Вытянул тощую, но жилистую конечность. Ведьма обмыла рваную,
— Спасибо, ведьма-сама, — мальчик не очень разбирался в том, как надо себя вести, но сложил руки в молитвенном жесте и поклонился.
— Имя этой странницы Амацу-но-Маэ. Но для тебя, малыш, Амацу-сенсей. Ты мне подходишь. Старой Маэ нужно кому-то передать своё ремесло.
Вопрос «а если я не хочу?» остался не прозвучавшим. Юный Макото понял, что хочет. Чтобы его учили, вкусно кормили и лечили раны, если те будут. Лучше бы не было, но будут же! Неужели ему встретился хоть кто-то добрый? Таких ведь не бывает? Или бывает? Ну и что, что ведьма?!
— А чему вы меня научите, Амацу-сенсей? — не удержался ребенок от вопроса.
— Тому, что нужно знать каждому путнику в этом мире. Искать свой путь, не теряя себя. И находить силу в самых простых вещах. Сегодня ты научишься видеть в обычном то, что скрыто. Завтра — создавать что-то из ничего. А позже, возможно, я расскажу тебе, как читать в людских сердцах, словно в открытой книге. И в книгах читать тоже научу. Не умеешь же?
Узловатая старушечья рука протянулась к мальчику и взлохматила ему волосы. Чем-то Амацу-сама, иначе ее назвать язык не поворачивается, мне старушку Ямаду Томо-сан напомнила. Очень похожи, несмотря на то, что по комплекции «ведьма» выше и постоянно сутулится, а Томо-сан крохотная, как ученица начальных классов, но с прямой спиной. У них одинаковая властность, какую легко ожидать от опытного военачальника или императрицы, а не странствующей травницы или продавщицы в скромном магазине. И в лицах есть что-то общее, как у дальних родственниц. Глаза одинаково выцветшие.
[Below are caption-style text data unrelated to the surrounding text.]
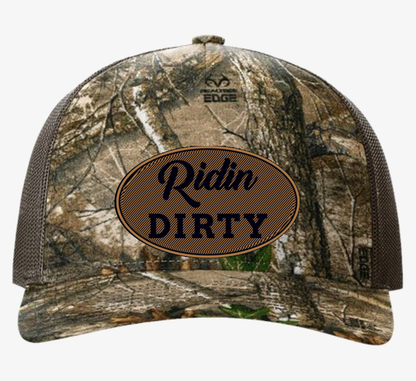 "Ridin Dirty" Trucker Hat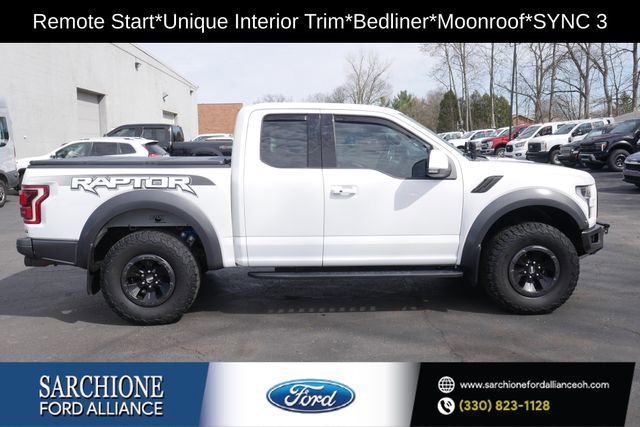 Used 2017 Ford F150 Raptor w/ Equipment Group 802A Luxury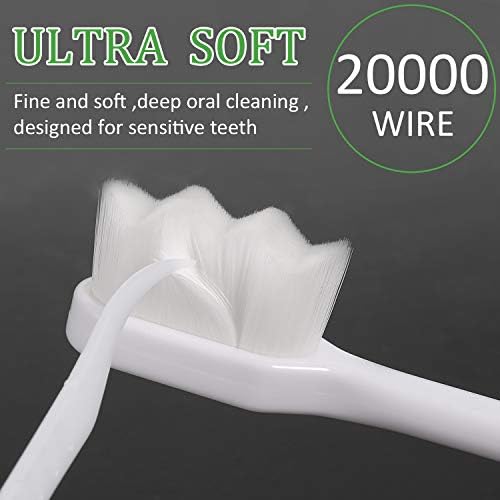 Patelai 16 Pieces Extra Soft Toothbrush 20000 Bristles
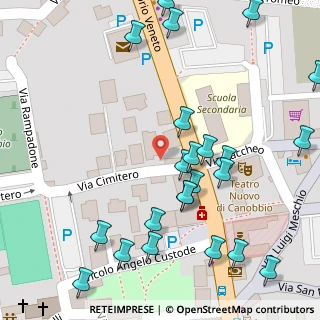 Mappa Piazza, 28822 Cannobio VB, Italia (0.07083)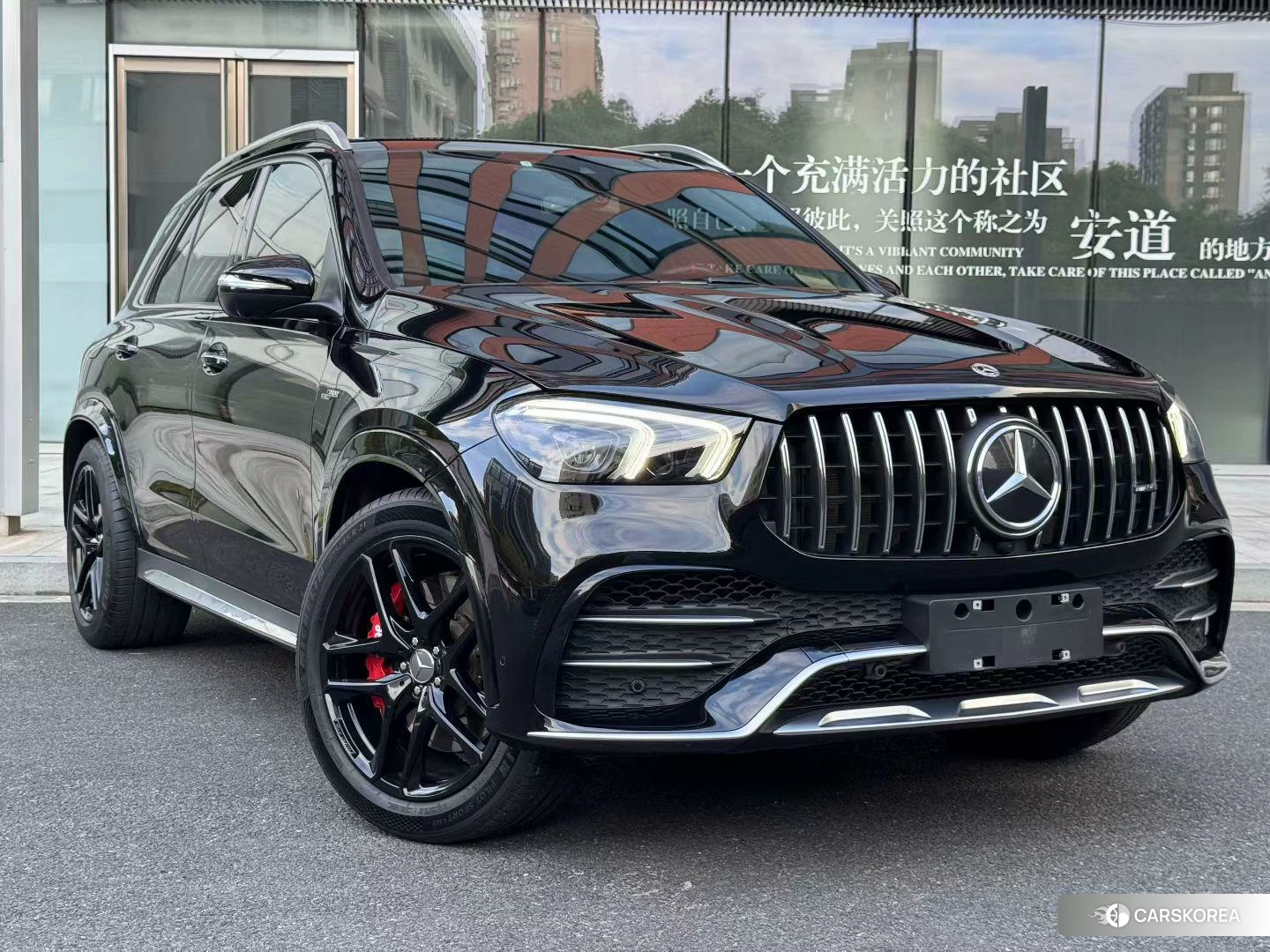 Mercedes-Benz AMG GLE 2021 Черный из Китая, фото 5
Проснувшись, я обнаружил, что замерз, а еще нашел у себя выступившие слезы. От не моей боли и чужого счастья, дотянувшихся до самых глубин души. Или наоборот, идущих оттуда. Сегодня мне приснилось что-то куда более важное, чем золотоносный клад или призрачная возможность, открывающая дорогу к контролю над ненужной мне корпорацией. Хидео-сан, он же Макото-кун, открыл мне нечто очень личное. И погружение в воспоминания получилось намного более глубоким, чем обычно. Не исторический фильм посмотрел, а прожил кусочек жизни, испытал эмоции… и жареного тофу поел. Не уверен, что смогу когда-то повторить этот вкус.
Взгляд на будильник — до времени подъема еще почти два часа, но сна ни в одном глазу. Спустился на кухню. Надеюсь, не разбужу сестренку тем, что буду греметь посудой.
Положил абура-аге, купленный сегодня же по дороге за тортами, на разделочную доску, раскатал скалкой, чтобы слои внутри разделились, нарезал подходящего размера кусочками. Затем в миску, залил кипятком на несколько минут и откинул на дуршлаг. Это чтобы уменьшить маслянистость. Теперь разрезать каждый ломтик пополам и раскрыть со стороны среза.